Chuck was slumped over his steering wheel, an obviously self-inflicted gunshot wound in the side of his head—his good side, the less droopy side. The driver’s side window was splattered with pulpy fragments that were likely some combination of skull, flesh, blood, and brain matter. Thom had released Chuck’s neck and had collapsed back so he was leaning on his heels. He had pieces of that same flesh and blood all over his face.

“What the . . .” But he was just looking down at his hands, like he’d been the one to pull the trigger.

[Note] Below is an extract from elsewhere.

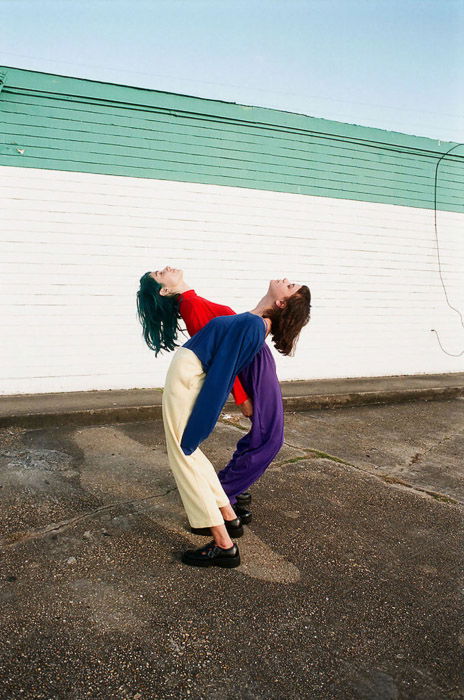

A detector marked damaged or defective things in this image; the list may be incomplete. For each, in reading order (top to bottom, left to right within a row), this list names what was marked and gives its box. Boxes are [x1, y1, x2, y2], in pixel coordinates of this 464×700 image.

crack in pavement [0, 484, 179, 548]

I glanced back at Chuck. Whatever had been piloting the truck was no longer in control. The steering wheel shimmied as Chuck’s bulk weighed heavily over it. At first the giant rig just vibrated beneath me, like the wheels were all out of sync. But then it pitched off course in wide sweeping arcs, first drifting lazily into the shoulder, and then coming all the way back and crossing out of our lane.

That was when I knew we were going to crash. We were headed toward the giant cement blocks that divided the highway.

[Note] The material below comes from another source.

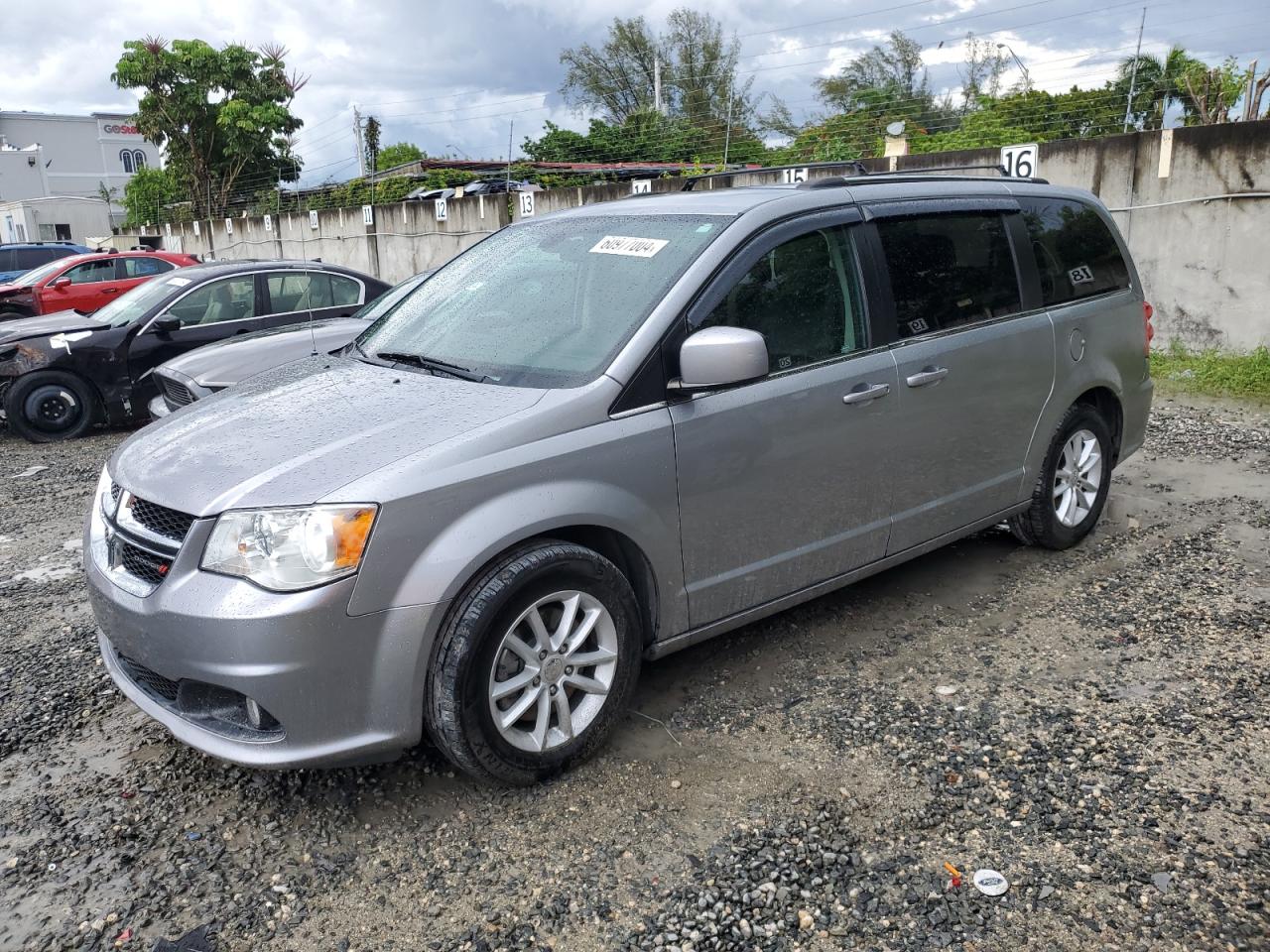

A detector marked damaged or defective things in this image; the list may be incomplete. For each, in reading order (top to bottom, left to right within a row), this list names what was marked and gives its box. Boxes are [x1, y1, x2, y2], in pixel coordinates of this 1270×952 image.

damaged car wheel [4, 373, 98, 446]
damaged dark sedan [0, 257, 386, 444]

“Hurry!” I shouted to Thom, already trying to unbuckle so we could shove Chuck aside, meaning to take the wheel. But it was far too late for that.

The impact was both brutal and disorienting.

The air rushed out of my lungs as the seat belt locked. My head—at least I thought it was my head—hit glass, or maybe it was the doorjamb. Everything got jumbled. I remembered sounds—rubber on pavement, metal screeching or tearing, glass splintering, maybe. And smells. They were bitter and caustic, like gasoline and oil and exhaust and burning rubber all thrown together in one toxic cloud.

From somewhere in all that, I tried to say Thom’s name, to ask if he was okay . . . if he’d survived at all, but my voice was caught in the fumes.

I don’t know how much time had passed, but I heard sirens. Someone must have seen the crash, or could see the smoke rising and called for help.

Inside of me, things were broken—bones most likely. Everything hurt, and already there was the familiar tingling and itching that meant the healing had started. But breathing was hard, each inhalation a painful knife stabbing up and around my left side . . . almost worse than daybreak. I gasped and gasped, again and again, testing the sensation, until I realized it wasn’t like a stitch that could be worked out.

With my head still against the headrest, I took in the deepest breath I could and held it before fumbling for the seat belt. I had to find Thom, and if he was still alive, we had to move. To get away from here before the police came
and found Chuck with a bullet through his brain and started asking questions.

Releasing the latch, I sat up.

“Thom,” I rasped. I was woozy, but I could do this. I scanned the interior, which was filling with dark oily smoke. “
Thom!
” This time my voice took hold.

“Here. I’m . . . here . . .” His voice was weak, but I heard him. I scrambled out of my seat as quickly as I could, which wasn’t all that fast.

He was crumpled in a position that didn’t even look humanly feasible. But I guess that was the thing, he wasn’t entirely human. I saw Chuck too, halfway lodged beneath the enormous steering wheel. It was grotesque the way his body had broken. Thom might be hurt—no, check that, he was definitely hurt. But he wasn’t broken like Chuck, not beyond repair.